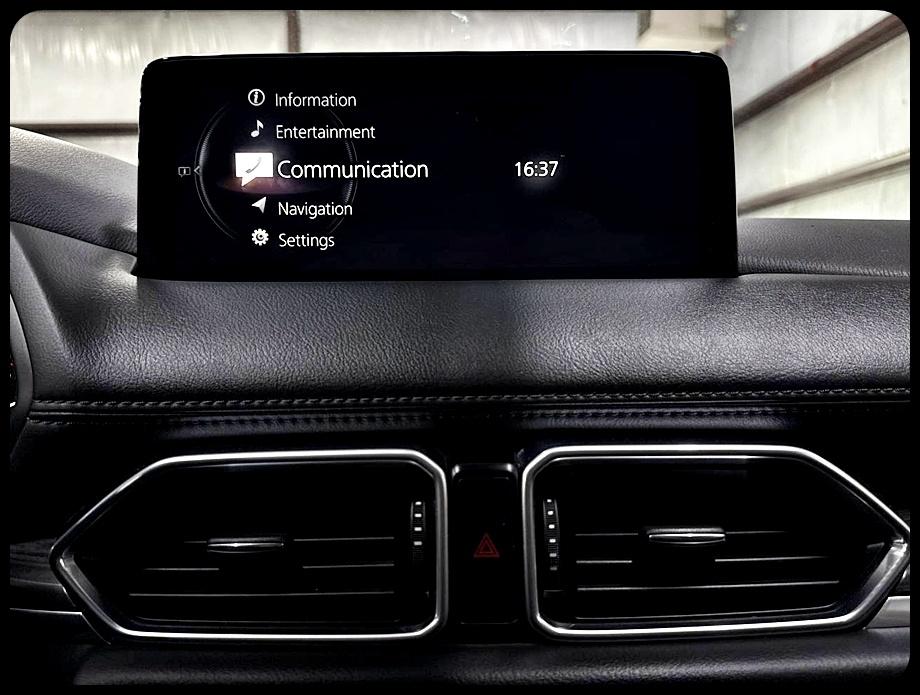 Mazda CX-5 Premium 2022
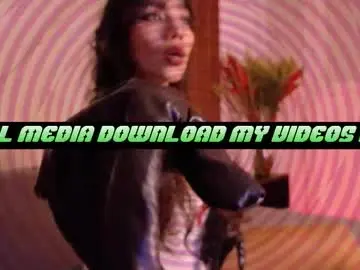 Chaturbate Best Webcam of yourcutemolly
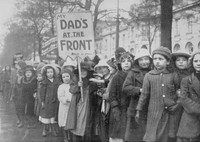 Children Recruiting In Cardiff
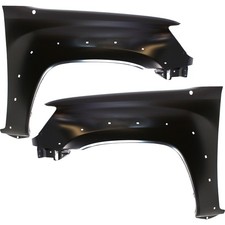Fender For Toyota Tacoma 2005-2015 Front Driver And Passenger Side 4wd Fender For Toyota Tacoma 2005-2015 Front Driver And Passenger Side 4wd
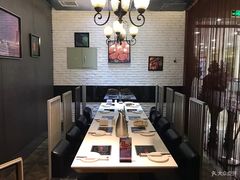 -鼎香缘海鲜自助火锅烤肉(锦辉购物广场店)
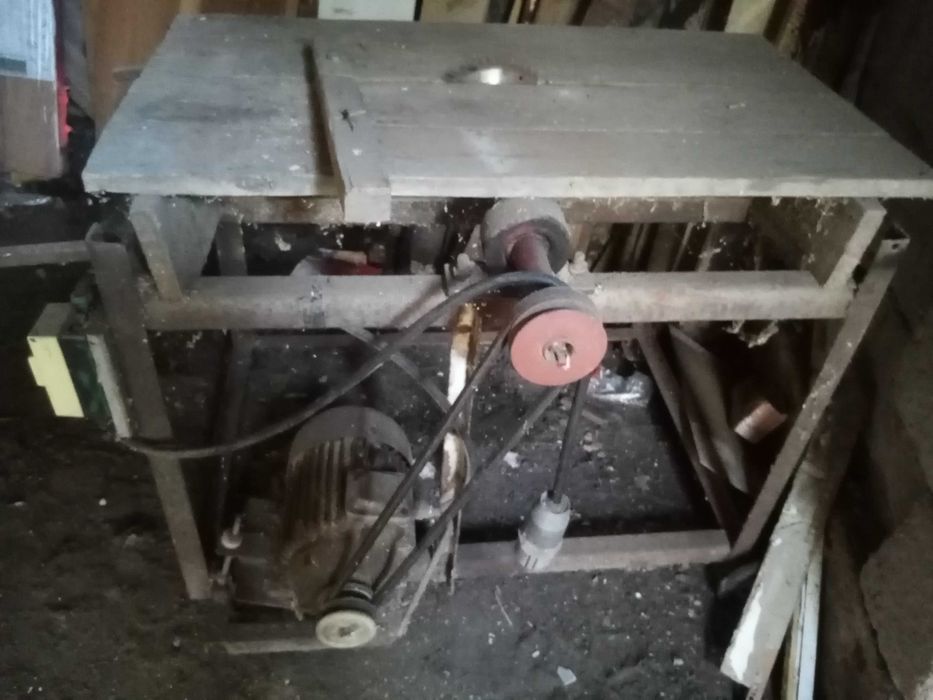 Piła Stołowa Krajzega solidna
——————
Please write out exactly the lines from the one holding "Children Recruiting In Cardiff" through the last line of the material above, both included, as a copy without pictures.

 Children Recruiting In Cardiff
Fender For Toyota Tacoma 2005-2015 Front Driver And Passenger Side 4wd Fender For Toyota Tacoma 2005-2015 Front Driver And Passenger Side 4wd
 -鼎香缘海鲜自助火锅烤肉(锦辉购物广场店)
 Piła Stołowa Krajzega solidna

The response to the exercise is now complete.